Kaufman I A, Hall N F, DeLuca M A, Ingwall J S, Mayer S E
Am J Physiol. 1977 Aug;233(2):H282-8. doi: 10.1152/ajpheart.1977.233.2.H282.
Intact beating fetal mouse hearts in organ culture were deprived of oxygen and glucose for up to 4 h, resulting in loss of beating, an 80% fall in ATP, reduction of energy charge from 0.85 to 0.48, and doubling of total nucleoside concentration. Radiolabeled adenine nucleotides were degraded to hypoxanthine and inosine, which were lost from the hearts into the medium during the deprivation period. Adenosine and adenine also appeared in the medium when adenosine deaminase was inhibited. After 24 h of O2 and glucose resupply, ATP returned to 60% of control, and energy charge rose to 0.76. Labeled nucleosides and bases remaining in the heart or exogenous labeled adenine were utilized to resynthesize ATP. [14C]glycine was rapidly taken up by recovering hearts but was not used for de novo adenine nucleotide synthesis. Ability to recover ATP and spontaneous contraction appear related to residual nucleotide and nucleoside content rather than to energy charge.
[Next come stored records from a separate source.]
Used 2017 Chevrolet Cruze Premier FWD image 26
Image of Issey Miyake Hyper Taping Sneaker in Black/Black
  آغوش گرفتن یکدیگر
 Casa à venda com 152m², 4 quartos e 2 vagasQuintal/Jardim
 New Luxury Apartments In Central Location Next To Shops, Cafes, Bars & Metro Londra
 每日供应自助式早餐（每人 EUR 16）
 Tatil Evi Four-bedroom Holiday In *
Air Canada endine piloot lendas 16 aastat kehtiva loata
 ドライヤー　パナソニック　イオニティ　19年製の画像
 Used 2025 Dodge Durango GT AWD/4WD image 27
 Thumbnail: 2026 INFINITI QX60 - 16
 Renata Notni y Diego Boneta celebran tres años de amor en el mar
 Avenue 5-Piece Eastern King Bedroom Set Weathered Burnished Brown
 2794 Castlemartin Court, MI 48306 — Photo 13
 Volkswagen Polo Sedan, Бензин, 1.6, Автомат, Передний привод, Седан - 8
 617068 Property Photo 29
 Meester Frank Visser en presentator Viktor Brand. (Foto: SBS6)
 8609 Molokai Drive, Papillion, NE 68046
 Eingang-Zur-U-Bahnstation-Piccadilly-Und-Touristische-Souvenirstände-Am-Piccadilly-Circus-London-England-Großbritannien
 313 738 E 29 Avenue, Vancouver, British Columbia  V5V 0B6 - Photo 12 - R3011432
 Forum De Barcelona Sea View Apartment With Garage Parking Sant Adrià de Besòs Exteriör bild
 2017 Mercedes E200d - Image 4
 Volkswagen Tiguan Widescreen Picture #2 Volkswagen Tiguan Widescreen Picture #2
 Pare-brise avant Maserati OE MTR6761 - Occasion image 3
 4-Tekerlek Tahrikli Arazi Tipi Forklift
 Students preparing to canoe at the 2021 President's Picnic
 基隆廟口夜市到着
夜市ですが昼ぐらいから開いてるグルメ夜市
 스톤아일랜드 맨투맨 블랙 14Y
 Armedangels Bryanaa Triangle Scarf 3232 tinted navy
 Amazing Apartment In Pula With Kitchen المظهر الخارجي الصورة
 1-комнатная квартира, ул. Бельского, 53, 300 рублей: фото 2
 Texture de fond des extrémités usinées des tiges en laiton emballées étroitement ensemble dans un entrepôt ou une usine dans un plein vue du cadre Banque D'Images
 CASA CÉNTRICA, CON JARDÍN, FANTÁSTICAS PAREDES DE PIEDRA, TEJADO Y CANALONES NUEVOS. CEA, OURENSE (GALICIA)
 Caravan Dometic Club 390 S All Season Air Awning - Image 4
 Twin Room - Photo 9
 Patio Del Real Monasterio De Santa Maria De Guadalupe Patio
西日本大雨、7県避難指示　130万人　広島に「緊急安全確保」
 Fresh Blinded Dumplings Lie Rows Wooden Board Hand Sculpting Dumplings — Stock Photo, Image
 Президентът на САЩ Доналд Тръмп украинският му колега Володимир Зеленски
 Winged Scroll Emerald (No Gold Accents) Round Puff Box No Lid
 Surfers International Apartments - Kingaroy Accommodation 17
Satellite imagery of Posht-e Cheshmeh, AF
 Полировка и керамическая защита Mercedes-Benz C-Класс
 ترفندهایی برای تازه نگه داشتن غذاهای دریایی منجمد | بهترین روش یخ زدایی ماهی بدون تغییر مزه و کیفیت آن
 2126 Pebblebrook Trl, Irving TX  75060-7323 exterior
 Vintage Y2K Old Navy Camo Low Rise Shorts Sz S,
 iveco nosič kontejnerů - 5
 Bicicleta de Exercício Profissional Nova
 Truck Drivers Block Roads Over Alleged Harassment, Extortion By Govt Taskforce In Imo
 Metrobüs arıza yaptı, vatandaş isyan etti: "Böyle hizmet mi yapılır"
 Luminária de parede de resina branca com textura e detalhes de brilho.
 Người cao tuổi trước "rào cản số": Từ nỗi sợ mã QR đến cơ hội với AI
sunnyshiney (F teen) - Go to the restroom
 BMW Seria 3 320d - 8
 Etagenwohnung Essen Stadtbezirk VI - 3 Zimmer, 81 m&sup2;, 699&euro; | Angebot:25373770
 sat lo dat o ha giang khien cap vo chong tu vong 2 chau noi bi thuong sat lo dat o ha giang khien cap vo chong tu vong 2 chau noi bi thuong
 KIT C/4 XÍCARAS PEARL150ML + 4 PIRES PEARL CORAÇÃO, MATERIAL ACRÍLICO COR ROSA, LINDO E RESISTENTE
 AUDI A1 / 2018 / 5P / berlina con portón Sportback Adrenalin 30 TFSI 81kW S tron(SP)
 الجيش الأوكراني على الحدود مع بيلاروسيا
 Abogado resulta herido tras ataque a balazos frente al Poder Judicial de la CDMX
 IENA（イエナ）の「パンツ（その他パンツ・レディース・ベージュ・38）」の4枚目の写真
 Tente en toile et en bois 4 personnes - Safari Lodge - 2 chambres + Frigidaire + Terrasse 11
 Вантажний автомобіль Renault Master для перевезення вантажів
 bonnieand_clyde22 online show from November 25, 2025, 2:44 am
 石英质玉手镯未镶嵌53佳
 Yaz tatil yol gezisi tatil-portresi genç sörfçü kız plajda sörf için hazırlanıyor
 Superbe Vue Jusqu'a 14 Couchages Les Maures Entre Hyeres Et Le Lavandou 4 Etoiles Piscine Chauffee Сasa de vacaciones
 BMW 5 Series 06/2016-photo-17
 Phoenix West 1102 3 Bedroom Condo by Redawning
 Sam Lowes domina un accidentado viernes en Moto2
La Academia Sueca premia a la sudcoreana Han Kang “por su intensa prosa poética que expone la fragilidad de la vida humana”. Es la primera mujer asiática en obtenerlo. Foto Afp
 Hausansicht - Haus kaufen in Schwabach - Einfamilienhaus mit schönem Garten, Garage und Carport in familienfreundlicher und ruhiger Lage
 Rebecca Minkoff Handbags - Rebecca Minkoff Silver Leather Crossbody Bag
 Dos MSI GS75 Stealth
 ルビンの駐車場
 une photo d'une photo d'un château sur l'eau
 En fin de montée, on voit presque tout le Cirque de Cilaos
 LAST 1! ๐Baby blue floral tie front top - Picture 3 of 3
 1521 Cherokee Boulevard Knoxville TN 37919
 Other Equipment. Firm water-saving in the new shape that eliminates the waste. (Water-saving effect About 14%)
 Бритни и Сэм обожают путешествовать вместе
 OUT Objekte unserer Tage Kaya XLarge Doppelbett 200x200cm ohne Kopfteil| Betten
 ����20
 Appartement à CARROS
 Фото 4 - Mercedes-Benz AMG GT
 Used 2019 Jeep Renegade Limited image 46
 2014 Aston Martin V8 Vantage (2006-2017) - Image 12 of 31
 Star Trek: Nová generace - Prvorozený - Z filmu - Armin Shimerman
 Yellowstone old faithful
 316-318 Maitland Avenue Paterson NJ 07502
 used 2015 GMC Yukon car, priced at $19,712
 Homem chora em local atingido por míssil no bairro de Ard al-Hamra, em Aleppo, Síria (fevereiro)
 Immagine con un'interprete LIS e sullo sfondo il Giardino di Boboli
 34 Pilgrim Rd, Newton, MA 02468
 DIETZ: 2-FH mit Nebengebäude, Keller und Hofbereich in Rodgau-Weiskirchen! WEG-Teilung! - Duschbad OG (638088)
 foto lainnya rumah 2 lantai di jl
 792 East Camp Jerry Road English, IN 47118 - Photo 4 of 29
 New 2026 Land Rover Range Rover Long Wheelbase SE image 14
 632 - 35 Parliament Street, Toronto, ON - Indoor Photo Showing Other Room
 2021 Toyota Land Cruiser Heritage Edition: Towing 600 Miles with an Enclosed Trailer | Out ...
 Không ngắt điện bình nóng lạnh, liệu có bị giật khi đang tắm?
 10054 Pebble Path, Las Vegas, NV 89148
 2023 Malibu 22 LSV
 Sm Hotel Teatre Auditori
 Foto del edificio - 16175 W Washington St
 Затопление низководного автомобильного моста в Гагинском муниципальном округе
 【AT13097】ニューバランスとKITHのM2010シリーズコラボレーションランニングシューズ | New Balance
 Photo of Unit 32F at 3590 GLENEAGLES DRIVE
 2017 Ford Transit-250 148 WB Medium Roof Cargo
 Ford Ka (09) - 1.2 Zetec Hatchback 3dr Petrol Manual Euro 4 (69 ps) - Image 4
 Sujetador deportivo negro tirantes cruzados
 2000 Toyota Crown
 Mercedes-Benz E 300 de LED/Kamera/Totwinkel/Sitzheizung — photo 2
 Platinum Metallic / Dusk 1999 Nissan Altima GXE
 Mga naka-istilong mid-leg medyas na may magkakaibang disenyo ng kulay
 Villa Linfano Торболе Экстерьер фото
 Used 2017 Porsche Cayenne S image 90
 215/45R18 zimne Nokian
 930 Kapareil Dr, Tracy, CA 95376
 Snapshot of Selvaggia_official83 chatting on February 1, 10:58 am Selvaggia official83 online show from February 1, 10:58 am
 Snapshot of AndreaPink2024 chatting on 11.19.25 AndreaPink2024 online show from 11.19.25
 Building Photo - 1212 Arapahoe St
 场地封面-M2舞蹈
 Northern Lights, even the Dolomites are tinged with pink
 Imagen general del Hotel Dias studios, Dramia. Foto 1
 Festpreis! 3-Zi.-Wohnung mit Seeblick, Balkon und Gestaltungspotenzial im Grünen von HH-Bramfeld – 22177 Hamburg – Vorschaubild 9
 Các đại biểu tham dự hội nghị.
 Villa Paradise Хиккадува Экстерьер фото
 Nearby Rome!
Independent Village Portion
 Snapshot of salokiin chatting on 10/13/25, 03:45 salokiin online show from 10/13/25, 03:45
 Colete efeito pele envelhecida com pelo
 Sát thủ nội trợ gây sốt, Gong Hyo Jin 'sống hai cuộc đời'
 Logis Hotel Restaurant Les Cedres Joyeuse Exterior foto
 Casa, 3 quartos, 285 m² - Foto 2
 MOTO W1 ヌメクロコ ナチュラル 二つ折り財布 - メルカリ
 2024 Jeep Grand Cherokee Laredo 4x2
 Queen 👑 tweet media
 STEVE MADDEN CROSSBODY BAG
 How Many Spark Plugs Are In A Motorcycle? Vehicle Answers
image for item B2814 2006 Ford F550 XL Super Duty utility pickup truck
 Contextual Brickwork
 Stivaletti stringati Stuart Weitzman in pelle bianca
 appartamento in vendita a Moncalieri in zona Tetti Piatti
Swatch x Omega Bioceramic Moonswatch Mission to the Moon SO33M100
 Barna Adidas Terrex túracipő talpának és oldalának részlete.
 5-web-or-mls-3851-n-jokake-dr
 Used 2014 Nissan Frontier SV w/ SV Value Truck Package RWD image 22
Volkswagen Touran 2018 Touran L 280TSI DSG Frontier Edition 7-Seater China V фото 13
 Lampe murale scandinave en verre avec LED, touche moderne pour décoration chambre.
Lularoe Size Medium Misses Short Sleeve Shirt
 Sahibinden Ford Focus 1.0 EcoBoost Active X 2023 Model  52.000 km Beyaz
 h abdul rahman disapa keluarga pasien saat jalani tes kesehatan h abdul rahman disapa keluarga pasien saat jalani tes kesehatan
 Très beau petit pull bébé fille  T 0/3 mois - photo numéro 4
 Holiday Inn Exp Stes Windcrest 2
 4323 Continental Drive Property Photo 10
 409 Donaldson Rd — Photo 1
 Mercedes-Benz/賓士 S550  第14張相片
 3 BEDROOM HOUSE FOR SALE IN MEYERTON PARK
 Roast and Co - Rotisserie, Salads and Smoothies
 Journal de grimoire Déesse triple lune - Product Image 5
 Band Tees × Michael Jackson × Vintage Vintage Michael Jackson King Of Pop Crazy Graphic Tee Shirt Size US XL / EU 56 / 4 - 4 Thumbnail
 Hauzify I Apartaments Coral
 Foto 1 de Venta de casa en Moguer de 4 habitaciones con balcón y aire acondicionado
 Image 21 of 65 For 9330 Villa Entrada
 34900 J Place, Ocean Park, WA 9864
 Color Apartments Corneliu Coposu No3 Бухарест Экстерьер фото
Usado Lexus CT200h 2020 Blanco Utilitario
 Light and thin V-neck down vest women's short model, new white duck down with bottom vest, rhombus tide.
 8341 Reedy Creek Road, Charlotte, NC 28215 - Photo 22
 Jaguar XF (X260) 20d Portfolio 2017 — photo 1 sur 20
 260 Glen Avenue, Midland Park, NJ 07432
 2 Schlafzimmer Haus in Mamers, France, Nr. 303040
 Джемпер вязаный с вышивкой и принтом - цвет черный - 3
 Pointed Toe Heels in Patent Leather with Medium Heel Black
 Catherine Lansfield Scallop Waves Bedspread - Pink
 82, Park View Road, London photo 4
将处于器官培养中的完整搏动的胎鼠心脏缺氧缺糖长达4小时,导致心脏停止搏动,ATP含量下降80%,能荷从0.85降至0.48,总核苷浓度翻倍。放射性标记的腺嘌呤核苷酸降解为次黄嘌呤和肌苷,在缺氧缺糖期间从心脏进入培养基。当腺苷脱氨酶被抑制时,腺苷和腺嘌呤也出现在培养基中。在重新供应氧气和葡萄糖24小时后,ATP恢复到对照值的60%,能荷升至0.76。心脏中剩余的标记核苷和碱基或外源性标记腺嘌呤被用于重新合成ATP。[14C]甘氨酸被恢复中的心脏迅速摄取,但未用于从头合成腺嘌呤核苷酸。恢复ATP的能力和自发收缩似乎与残余核苷酸和核苷含量有关,而不是与能荷有关。